» EXERCISE AIM
Pictures excluded, retype the lines from the one containing "Trường Đại Học Đồng Th&aacute;p điểm chuẩn" through the last line of the data below, both included.
#### GIVEN DATA
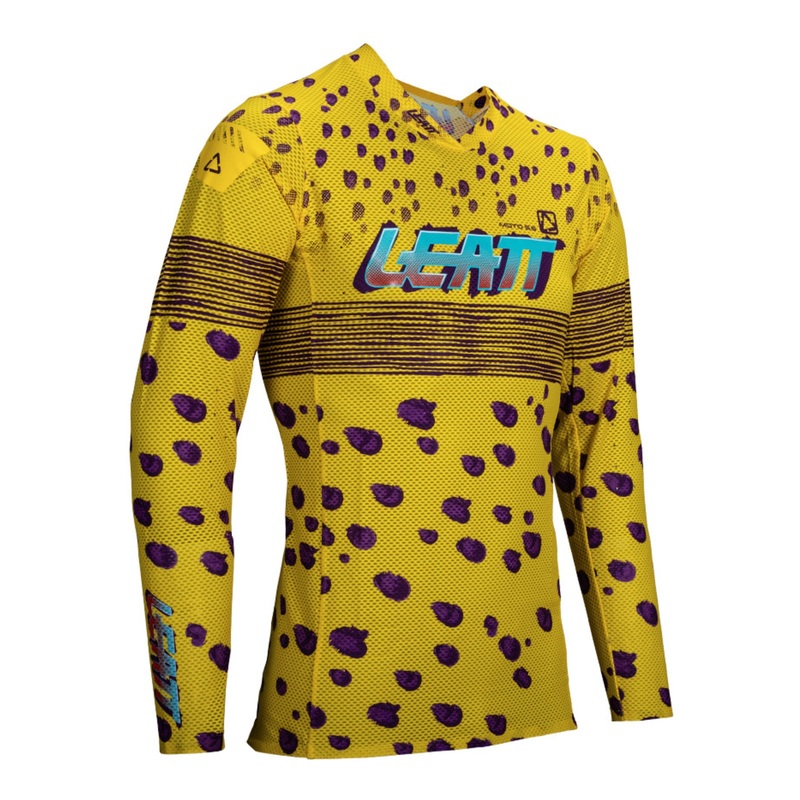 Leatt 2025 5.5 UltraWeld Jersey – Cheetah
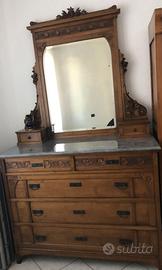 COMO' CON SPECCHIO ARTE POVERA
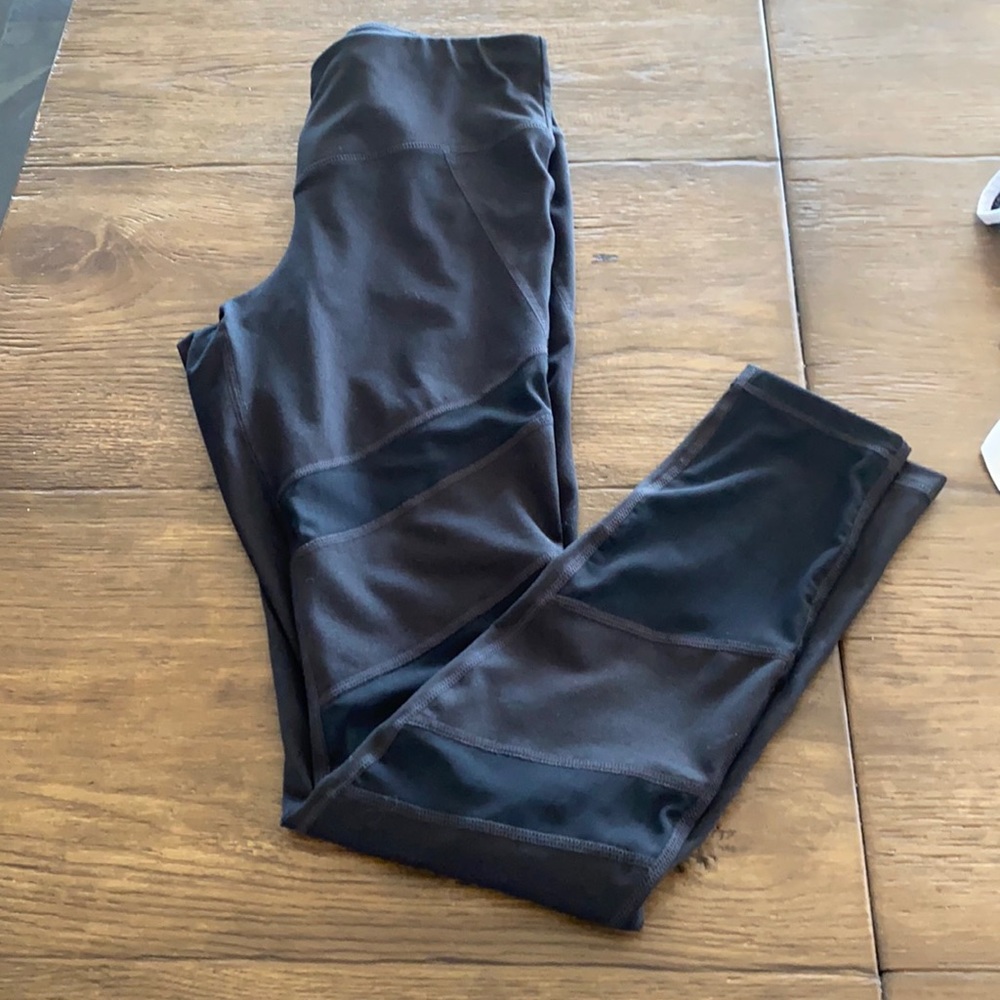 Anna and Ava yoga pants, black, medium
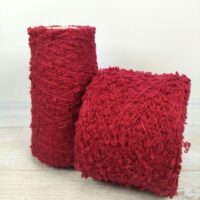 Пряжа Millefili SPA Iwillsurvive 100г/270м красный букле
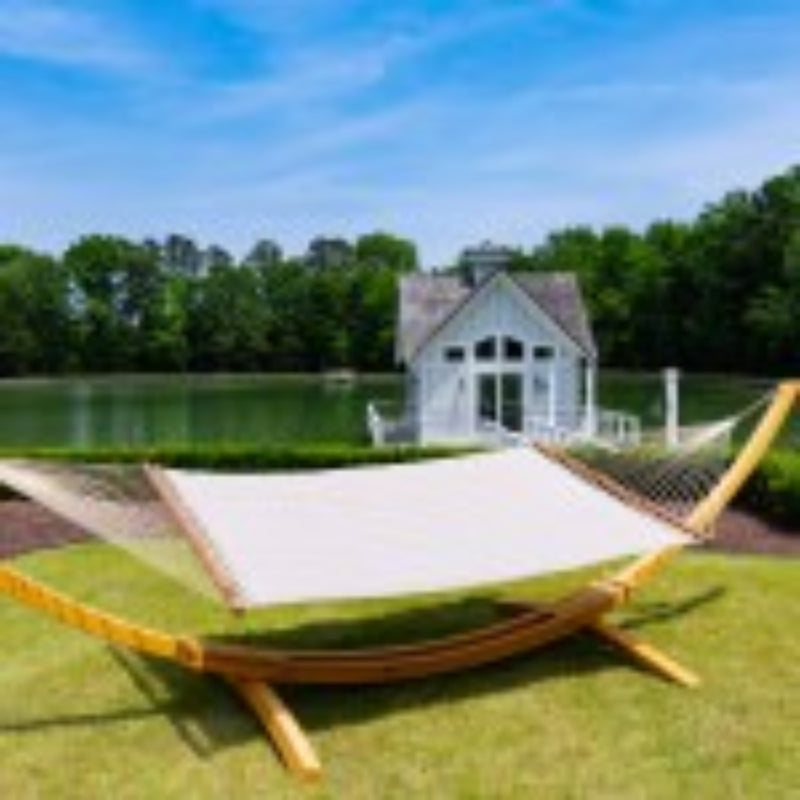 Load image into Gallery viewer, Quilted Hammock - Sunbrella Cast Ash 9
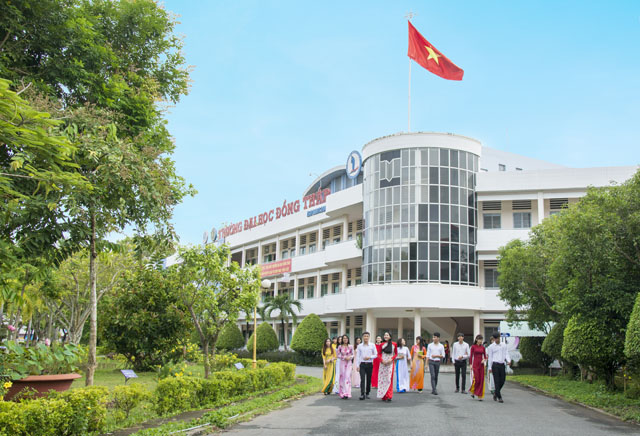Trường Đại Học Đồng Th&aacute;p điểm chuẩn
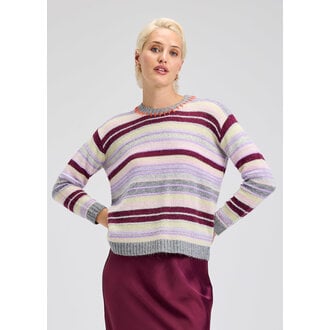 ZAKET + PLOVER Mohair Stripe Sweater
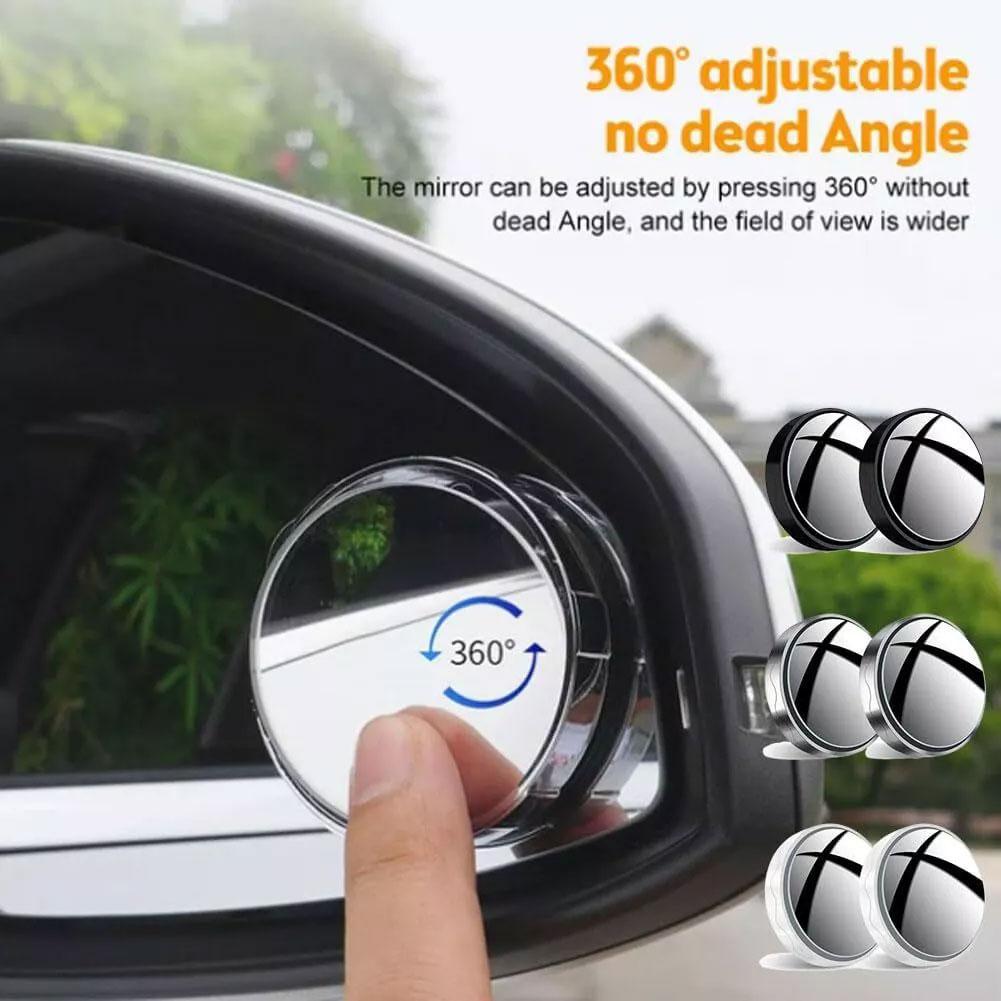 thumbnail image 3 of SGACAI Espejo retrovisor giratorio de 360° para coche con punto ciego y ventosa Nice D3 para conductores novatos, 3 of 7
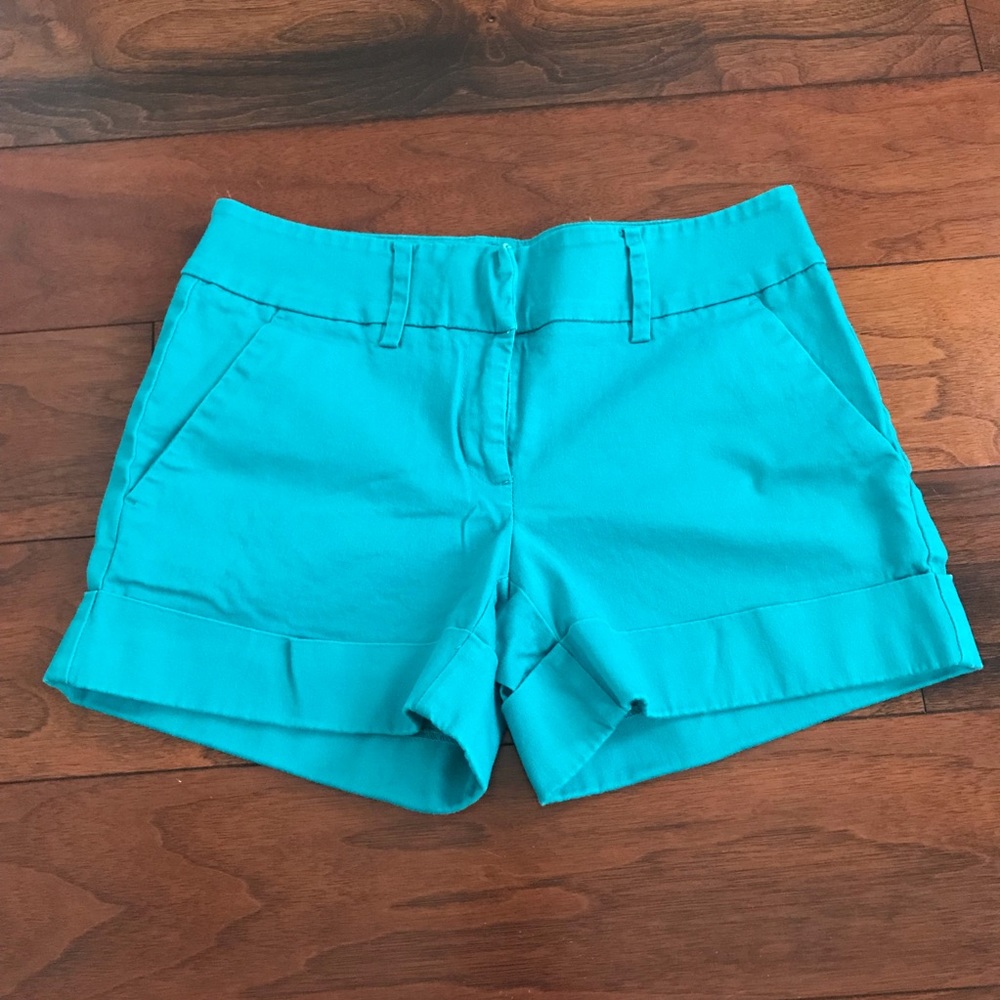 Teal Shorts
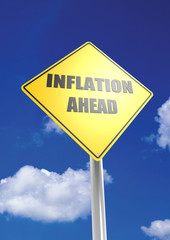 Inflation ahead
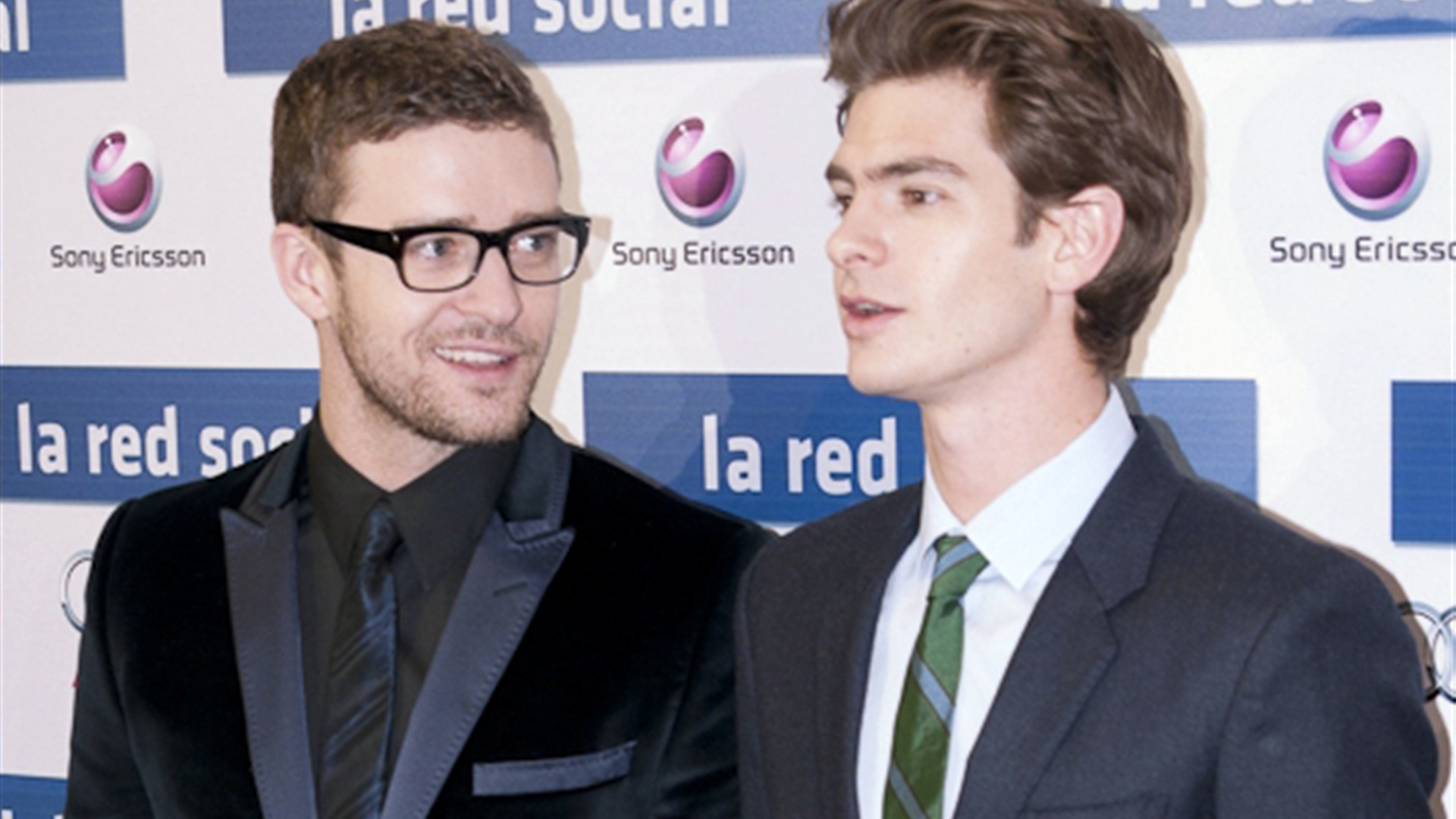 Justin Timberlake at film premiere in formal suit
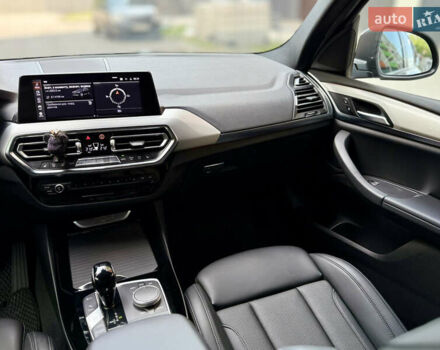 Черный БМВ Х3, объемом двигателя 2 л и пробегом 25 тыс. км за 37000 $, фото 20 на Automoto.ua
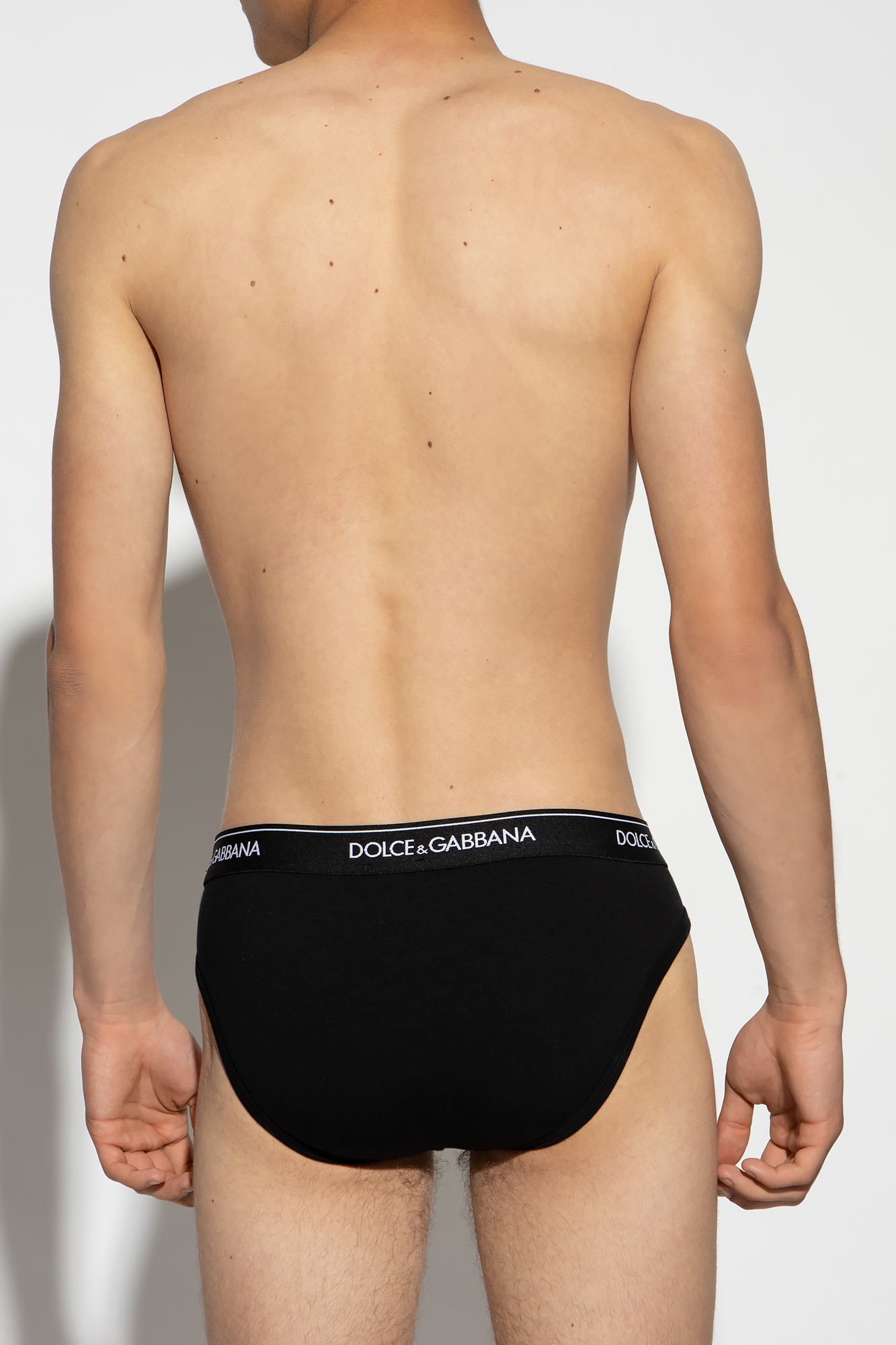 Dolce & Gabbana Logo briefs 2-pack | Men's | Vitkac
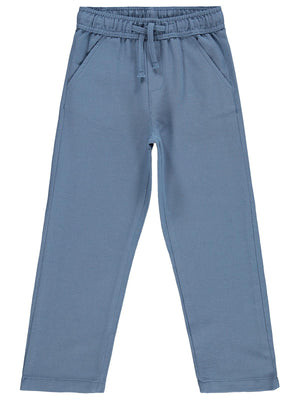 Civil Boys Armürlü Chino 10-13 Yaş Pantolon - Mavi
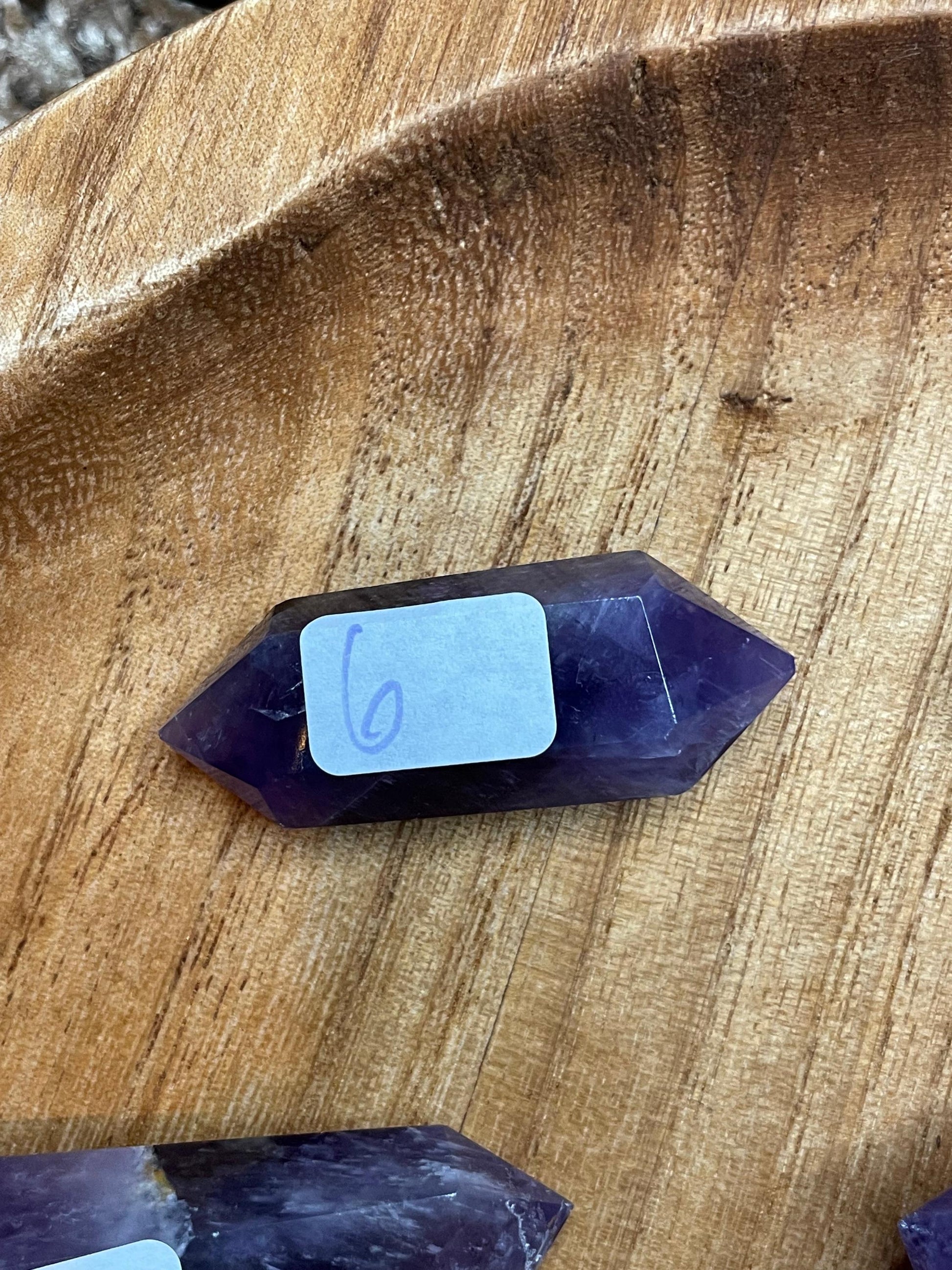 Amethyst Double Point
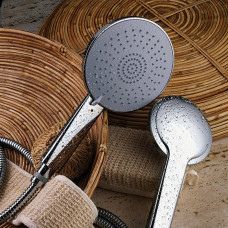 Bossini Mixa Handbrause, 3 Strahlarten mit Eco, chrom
########
» FINISHED TASK
Trường Đại Học Đồng Th&aacute;p điểm chuẩn
 ZAKET + PLOVER Mohair Stripe Sweater
 thumbnail image 3 of SGACAI Espejo retrovisor giratorio de 360° para coche con punto ciego y ventosa Nice D3 para conductores novatos, 3 of 7
 Teal Shorts
 Inflation ahead
 Justin Timberlake at film premiere in formal suit
 Черный БМВ Х3, объемом двигателя 2 л и пробегом 25 тыс. км за 37000 $, фото 20 на Automoto.ua
 Dolce & Gabbana Logo briefs 2-pack | Men's | Vitkac
 Civil Boys Armürlü Chino 10-13 Yaş Pantolon - Mavi
 Amethyst Double Point
 Bossini Mixa Handbrause, 3 Strahlarten mit Eco, chrom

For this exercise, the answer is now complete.